What you have to do:
Nothing outside the range is to be copied. From the entries below, reproduce exactly the lines starting at the one with "27 Mountain Avenue, Hamilton, ON" and ending at the one with "INTERNATIONAL 8600 Air Cleaner", without pictures.

Task data:
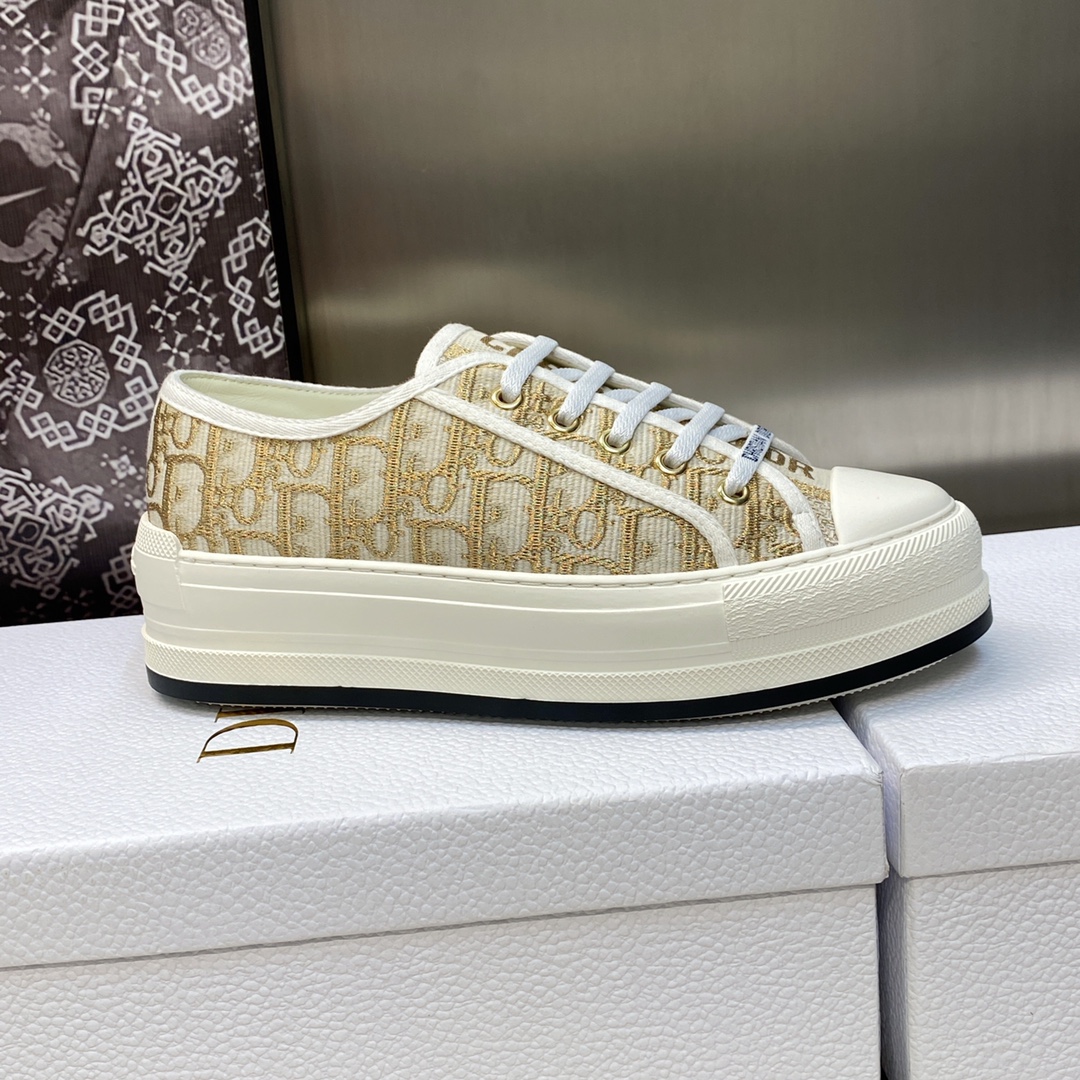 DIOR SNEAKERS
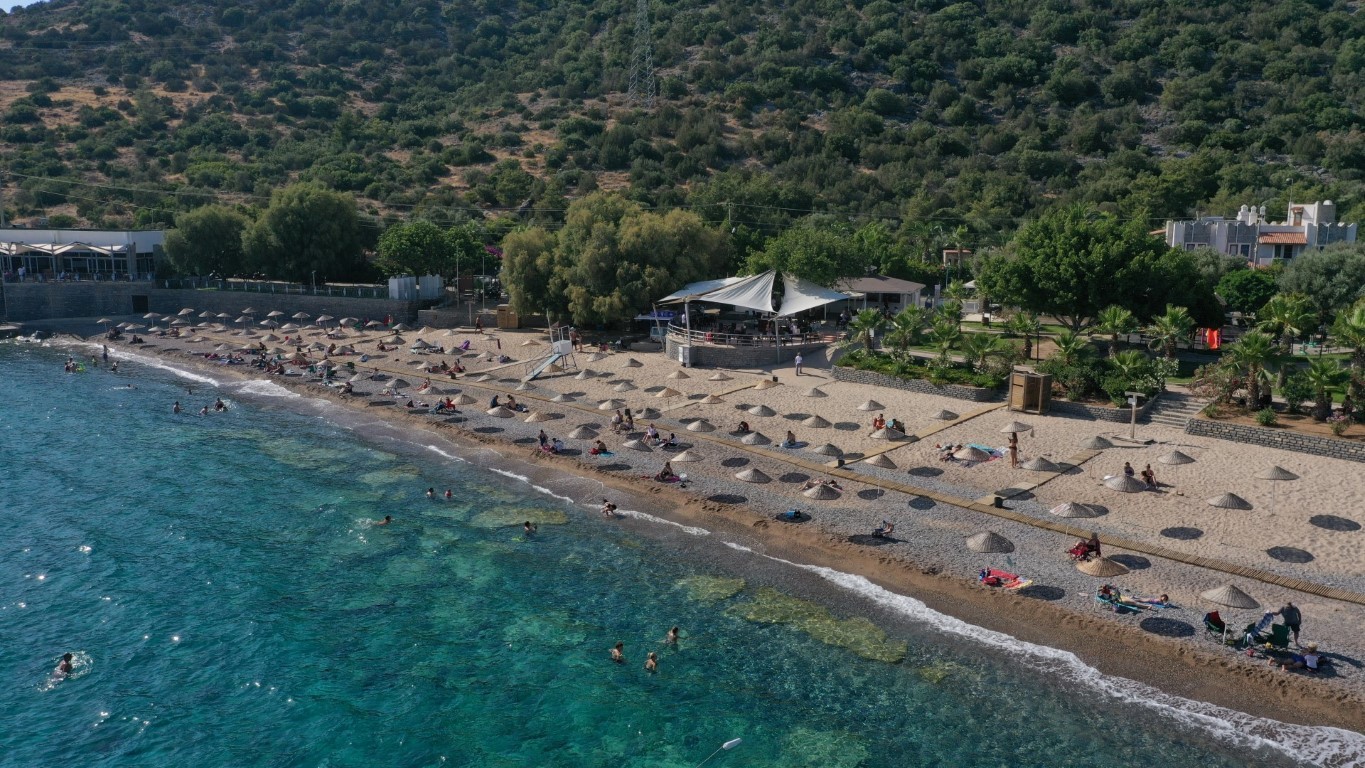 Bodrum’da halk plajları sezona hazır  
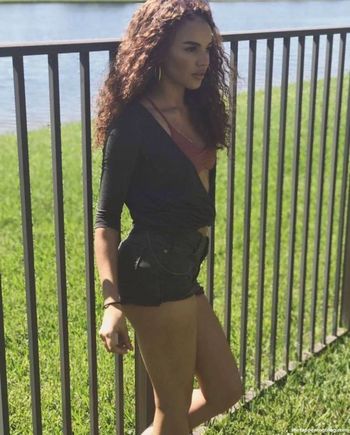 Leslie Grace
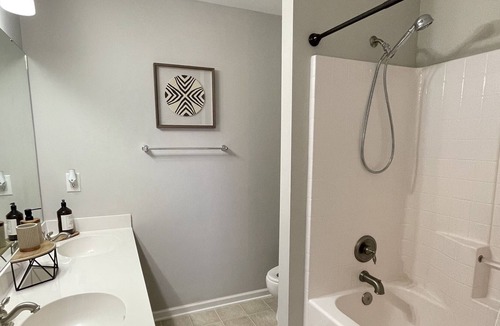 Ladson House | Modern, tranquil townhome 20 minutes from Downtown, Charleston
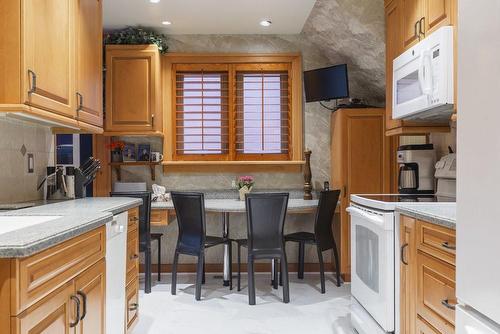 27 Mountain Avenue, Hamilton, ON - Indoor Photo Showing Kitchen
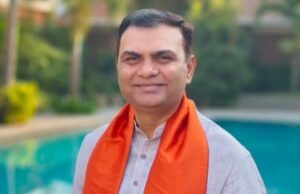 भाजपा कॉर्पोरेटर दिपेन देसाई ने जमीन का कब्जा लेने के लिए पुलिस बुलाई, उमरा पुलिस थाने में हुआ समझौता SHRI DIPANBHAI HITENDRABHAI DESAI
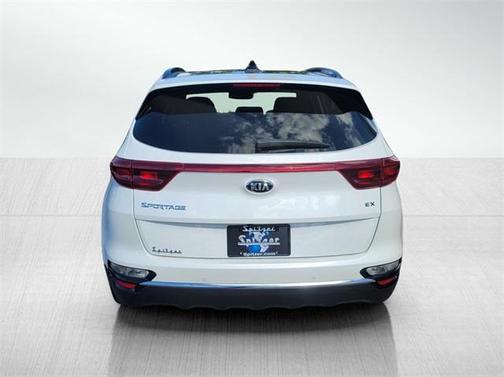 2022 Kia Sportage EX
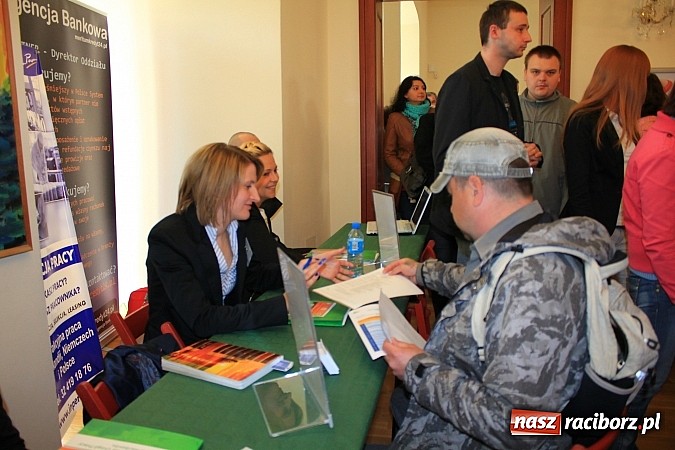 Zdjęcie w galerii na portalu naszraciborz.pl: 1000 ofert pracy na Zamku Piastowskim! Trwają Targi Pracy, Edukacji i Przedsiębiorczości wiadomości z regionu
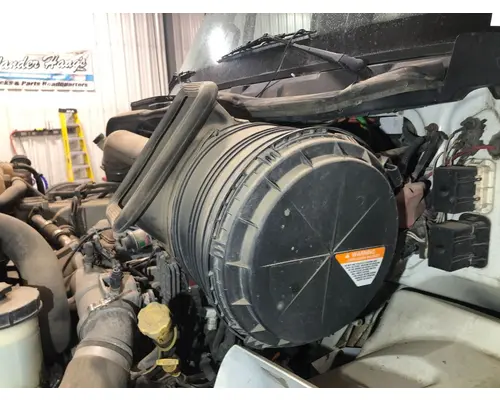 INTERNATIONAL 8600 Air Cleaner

...

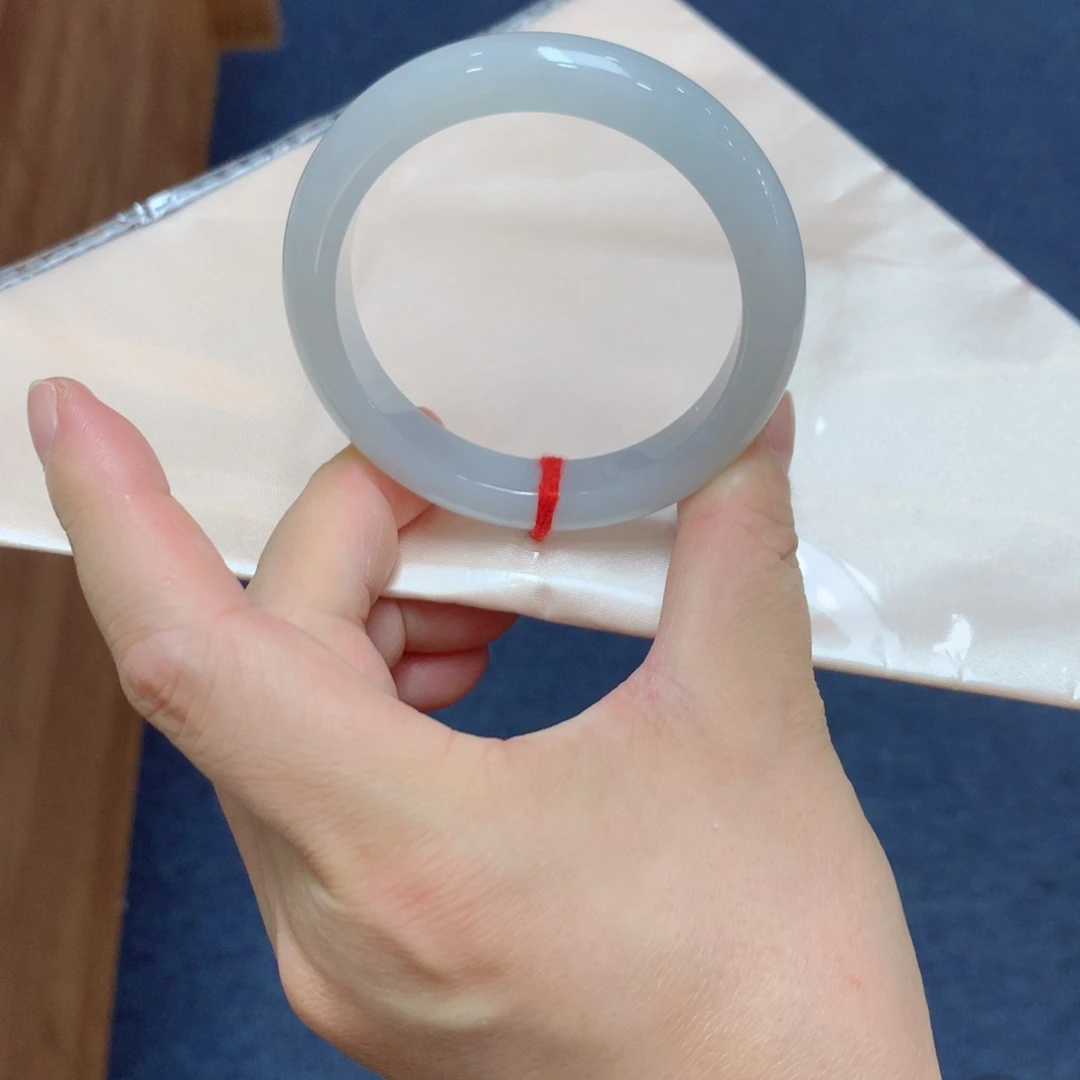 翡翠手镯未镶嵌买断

Output of the exercise:
 27 Mountain Avenue, Hamilton, ON - Indoor Photo Showing Kitchen
 भाजपा कॉर्पोरेटर दिपेन देसाई ने जमीन का कब्जा लेने के लिए पुलिस बुलाई, उमरा पुलिस थाने में हुआ समझौता SHRI DIPANBHAI HITENDRABHAI DESAI
 2022 Kia Sportage EX
 Zdjęcie w galerii na portalu naszraciborz.pl: 1000 ofert pracy na Zamku Piastowskim! Trwają Targi Pracy, Edukacji i Przedsiębiorczości wiadomości z regionu
 INTERNATIONAL 8600 Air Cleaner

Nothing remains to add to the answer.